Optimal learning will take many forms, and vary from person to person. But it will never be passive. I do not believe that anyone will truly learn something just by hearing it. If someone does claim that they learned a fact, or string of facts, by lecture alone, then I believe this is because the person connected themselves to the facts, analyzed them and made them applicable to his/her life. The information was not just heard then stored forever.
My ideas about how learning takes place, mirror the theory in educational psychology called constructivism. According to constructivist theories of learning, "...Learners must individually discover and transform information..."(Slavin) In my personal experience, to learn a subject is to own the subject, and be capable of explaining in a multitude of ways, which can only be done once we have applied our own selves to the information.

1. Slavin, Robert E. Educational Psychology. 2009. Person Education Inc. New York.

Friday, September 18, 2009

So we know how we don't want to teach, now lets move on... (Blog Assign 1)

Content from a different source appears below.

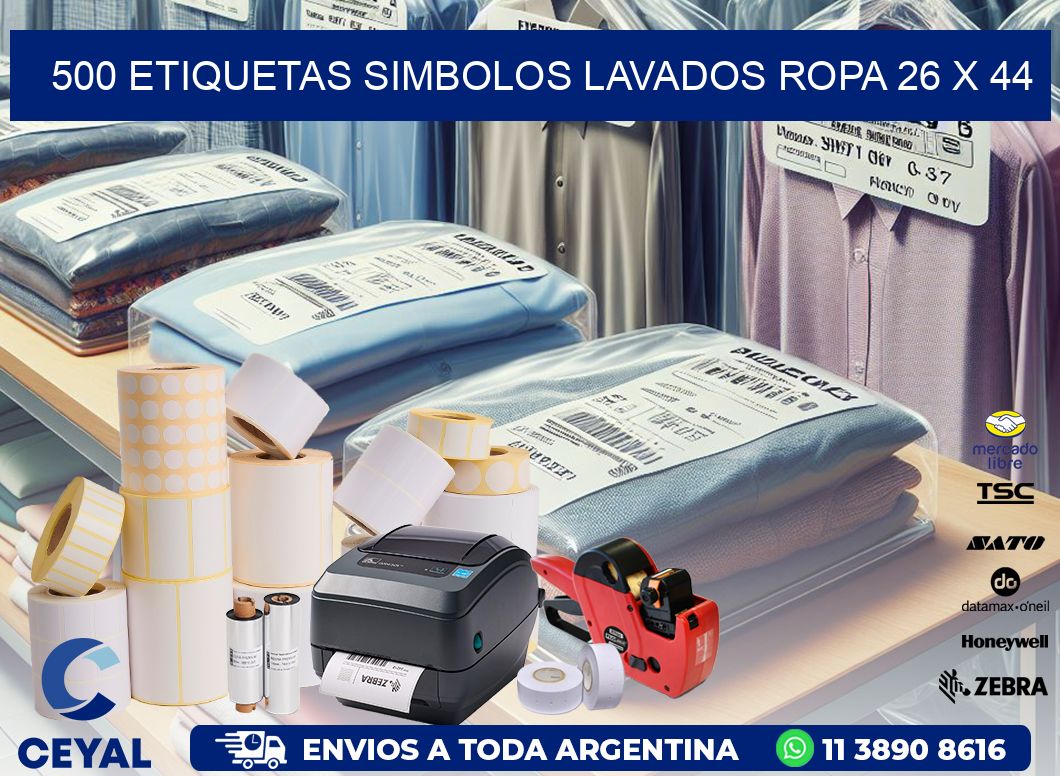 500 ETIQUETAS SIMBOLOS LAVADOS ROPA 26 x 44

The most unfortunate part of many courses on education is that they focus too much on blaming "old" teachers and traditional teaching practices. With all due respect to the instructor, I am so sick of hearing people bitch about the teachers who used lecture as their primary method of instruction. Yes it is true that lecturing and memorization are probably (or most definitely) not the most ideal or effective means of teaching, but I honestly believe that if a cure all for education really exists then it would have been discovered a long time ago. But until then, we will have to just continue to learn from past mistakes and work harder to become the most effective teachers possible. And doing this does not mean we point the finger at the past; it means we take a close look at our students and reflect upon was teaching methods proved to be the most effective.
I think the real reason that this issue irks me so much is that although I have met teachers who probably should have retired long ago, I have never met a cruel intentioned teacher. One can safely assume that most teachers were not drawn to the field for monetary reasons, but instead because they valued knowledge and wanted to spread their passion onto young minds. Perhaps the teacher never really knew the best way to do this, and was taught that lecturing and memorization were the traditional methods and should be upheld. But does anyone know how to teach every student?
What I would have liked is an expanded explanation of what is meant the by, "... Many instructional materials and much teacher behavior..." that suggest teachers believed information could just be dumped into the minds of children and then recalled for life. Surely these teachers know from their own experiences that everything learned in school cannot be reiterated for life.
But enough of my venting, and back to the question at hand: "Is teaching the transfer of information?" Well, that depends of if we mean transferring the information from the teachers mind to the student, or transferring the information into something that the student can make meaning of and enough connections to so that the information does not stand in isolation; irrelevant to the learner and therefor unnecessary to learn. Many of the ideas we had regarding "How We Learn" centered around the student thinking about the information: connecting new knowledge to old, problem solving, exploration, reflecting...
In all of the circumstances the student does not receive the information passively, which would be the case if we expected information just automatically be transferred from the teacher's mouth to the student's brain.
I have worked in 5 different schools over the past 6 years, and at each school I found a wide variety of teachers who wanted only the best for their students, and were devoted so much to their students that they continued to revise their curriculum as new research emerged. And of course I found those teachers who refused to budge from their traditional teaching methods. It's unfortunate, but it seems to be a dying breed.
I think that we could go on forever complaining about what is wrong with education, but was interests me more is what I learn when I close the education text books and allow the students to be my teachers. Because, to me, real education is experience and nothing gives me better experience than just working with the students and analyzing what works and doesn't work.